All these beings, O Caius! were admired on account of the benefits which they had conferred on mankind, and they are admired for them even up to the present time, and they were deservedly thought worthy of veneration and of the very highest honours. But come now, and tell us yourself in what achievement of yours do you pride yourself and boast yourself as being in the least similar to their actions?
Have you imitated the twin sons of Jupiter in their brotherly affection, that I may begin with that point? Did you not rather, O hard-hearted and most pitiless of men! inhumanly slaughter your brother, the joint inheritor of the kingdom with you, even before he had arrived at the full vigour of manhood, when he was still in early youth. Did you not afterwards banish your sisters, lest they also should cause you any reasonable apprehension of the deprivation and loss of your imperial power?
Have you imitated Bacchus in any respect? Have you been an inventor of any new blessings to mankind? Have you filled the whole of the habitable world with joy as he did? Are all Asia and Europe inadequate to contain the gifts which have been showered upon mankind by you?

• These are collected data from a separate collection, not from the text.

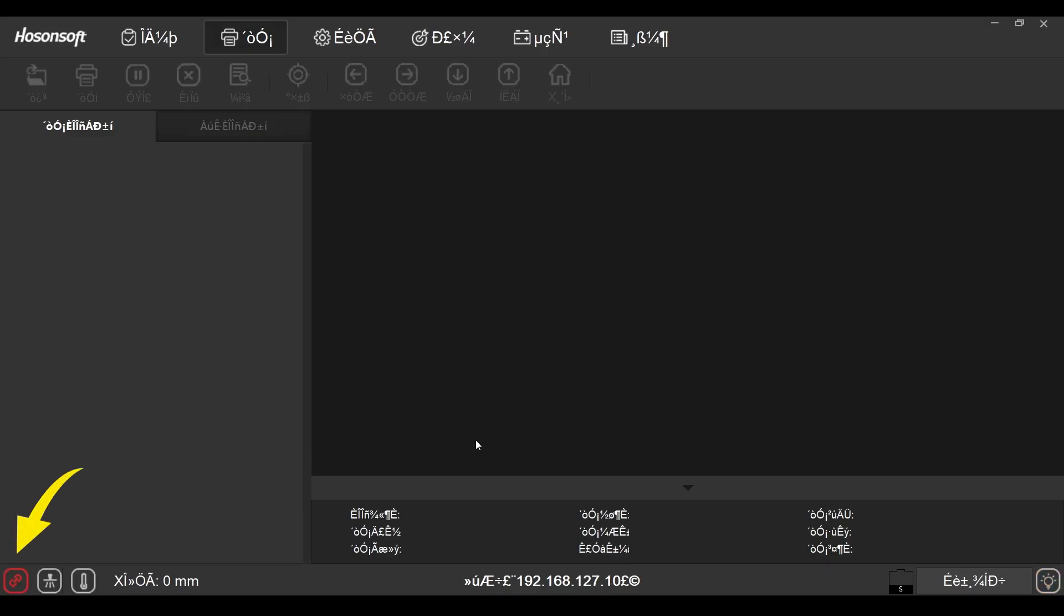When you see this icon blink red, this indicates that you do not have a proper connection with the printer. If this icon is blinking red, follow the steps on the screen.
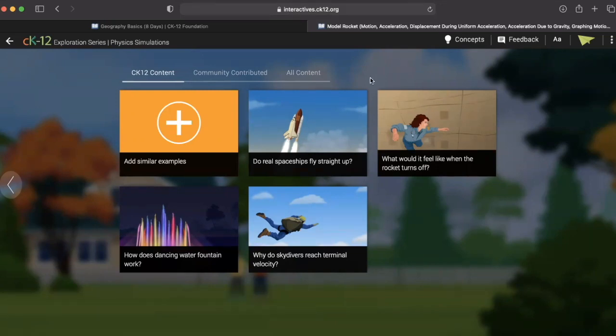Overall, CK-12 is an incredible standard-aligned resource for educators facing the challenges of online learning. Take some time to explore this tool to discover how it might help you and your students meet your instructional goals.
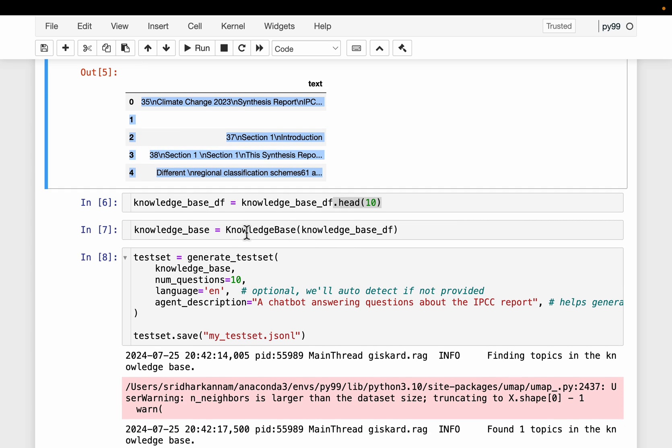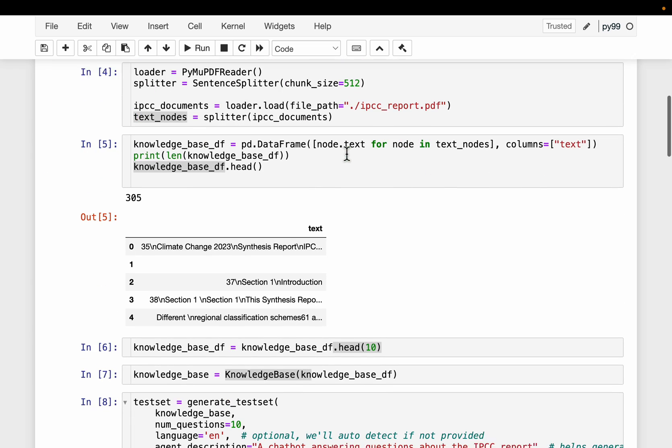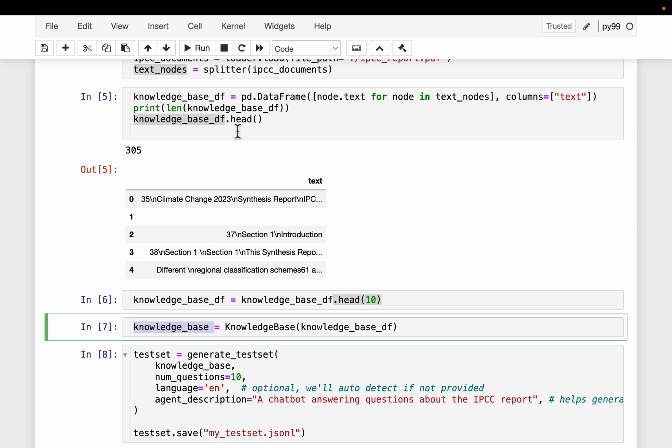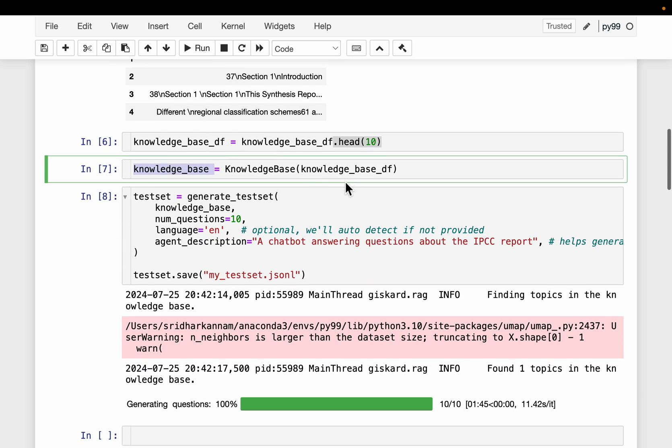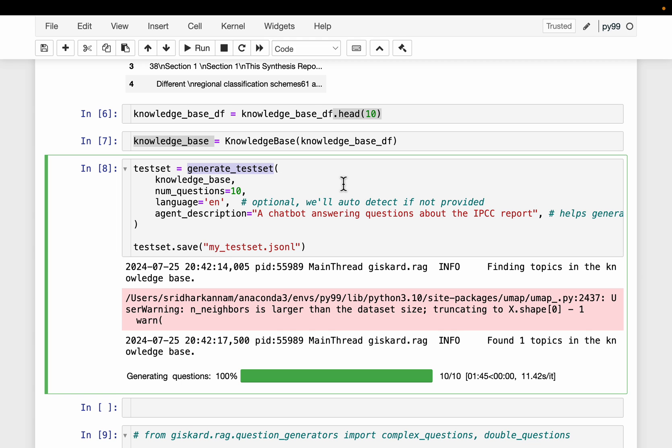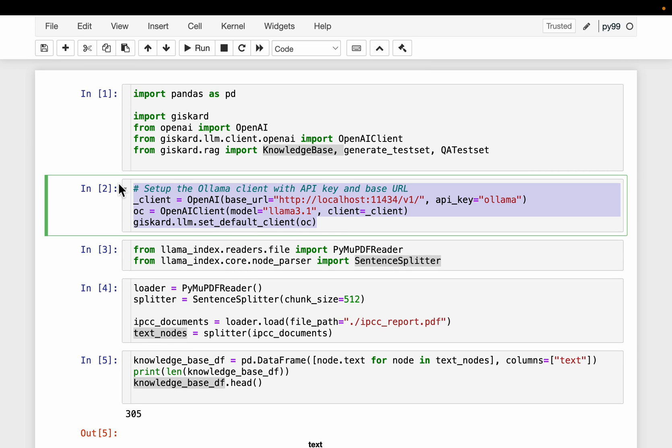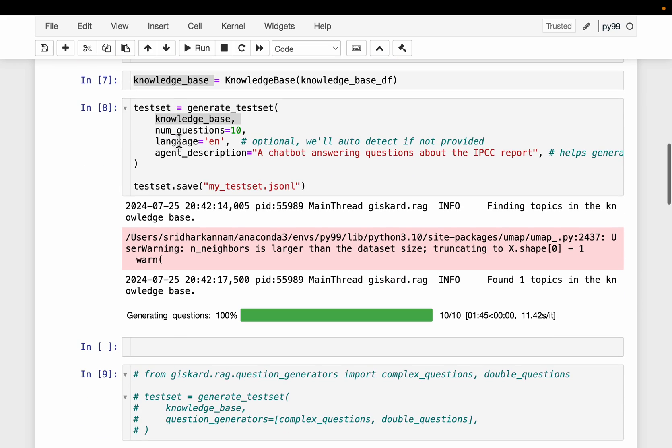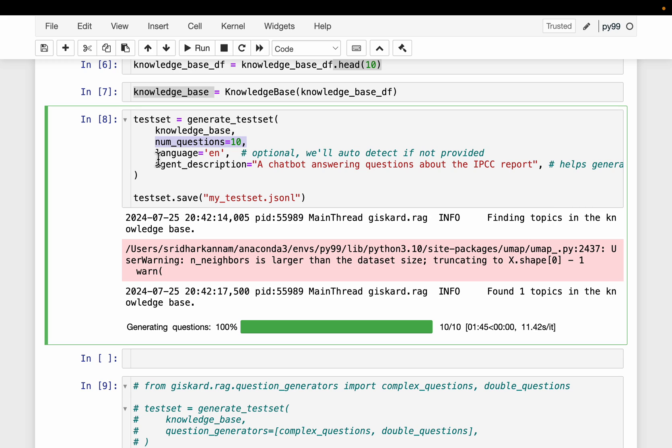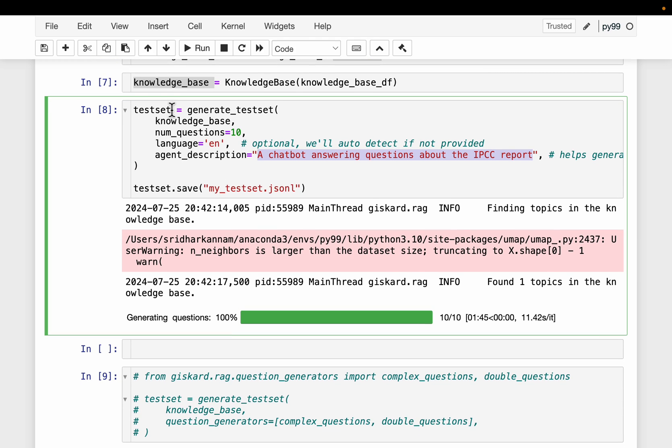Alright, because this is only for testing purpose, it is going to take quite a while to process all this data to create the questions. I am just subsetting the data frame to contain only the first 10 chunks. All right. And then we use this knowledge_base from Giskard to turn this into a knowledge base of Giskard internal. All we need to do is simply call this function generate_test_set, provide the knowledge base. And remember, we have already provided the LLM here. And then how many questions we want, you can leave it by default, it's English. And we can also give this agent description, which can help in better generating the questions. Here we are saying a chatbot answering the questions about IPCC report. So this international climate change report. We then create a test data set, and we save the data set to this JSONL format.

No doubt you have invented new arts and sciences, like a common pest and murderer of your kind, by which you have changed all pleasant and acceptable things into vexation and sorrow, and have made life miserable and intolerable to all men everywhere, appropriating
But I suppose you imitated Hercules in your unwearied labours and your incessant displays of valour and virtue; you, O most wretched of men! having filled every continent and every island with good laws, and principles of justice, and wealth, and comfort, and prosperity, and abundance of other blessings, you, wretched man, full of all cowardice and iniquity, who have emptied every city of all the things which can conduce to stability and prosperity, and have made them full of everything which leads to trouble and confusion, and the most utter misery and desolation.